How to use this package:

Three different modules. Each one perform a different step of the process. Look the different README to learn how to use it.

└── cunet
    ├── __init__.py
    ├── evaluation
    ├── preprocess
    └── train
  • Prepare the input data at: code/preprocess
└── preprocess
    ├── README.md
    ├── __init__.py
    ├── config.py
    ├── indexes.py
    └── spectrogram.py
  • Train a new model at: code/train
└── train
    ├── README.md
    ├── __init__.py
    ├── config.py
    ├── data_loader.py
    ├── main.py
    ├── models
    │   ├── FiLM_utils.py
    │   ├── __init__.py
    │   ├── control_models.py
    │   ├── cunet_model.py
    │   └── unet_model.py
    └── others
        ├── __init__.py
        ├── lock.py
        ├── utilities.py
        └── val_files.py
  • Evaluate a model at: code/evaluation

    └── evaluation
        ├── README.md
        ├── __init__.py
        ├── config.py
        └── results.py
    

Overview:

In this work we introduce a control mechanisms to the U-Net architecture. This control mechanism permits multiple instrument source separations with a single model without losing any performance.

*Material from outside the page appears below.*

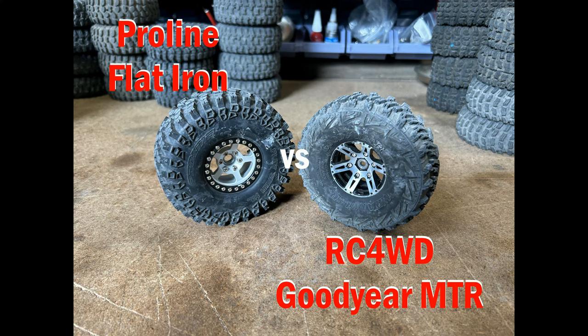Welcome to the next test. We have the ProLine Flatiron G8 versus the RC4WD Goodyear MTR X2S3 compound. The ProLine Flatiron is running an alloy wheel with the blue Endura soft silicon insert. The RC4WD Goodyear MTR is running an Endura dual stage foam with a soft outer and heavy rubber inner. These tyres are very well known and have a really good reputation, so it's going to be a good test.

It is motivated by the idea that we can process the same input differently depending of some external context.

We have two main elements:

  • Generic model: not specialized in any particular task, but rather in finding a set of generic source separation tools.
  • Control: that defines how to combine the set of tools.

In our system, we just need to specify which instrument (or combination of instruments) we want to isolate. Then the control will tell to the generic model what to do in order to isolate the desired instrument(s). The key question is how to efficiently control the generic model. We do that using FiLM layers.

FiLM layers:

FiLM permits to modulate any neural network architecture inserting one or several FiLM layers at any depth of the original model [1]:

x is the input of the FiLM layer and gamma and beta the learnable parameters that scale and shift x based on an external information, z.

The original FiLM computes a different operation per features map, and we propose a new layer that performs the same affine operation to the whole input.

Our architecture:

Overview of the system.

Generic model

The generic model is a U-Net[2] and it has to main part:

  • The decoder codifies and highlights the relevant information to separate a particular instrument creating a latent space.
  • The encoder transforms the latent space back to audio signal.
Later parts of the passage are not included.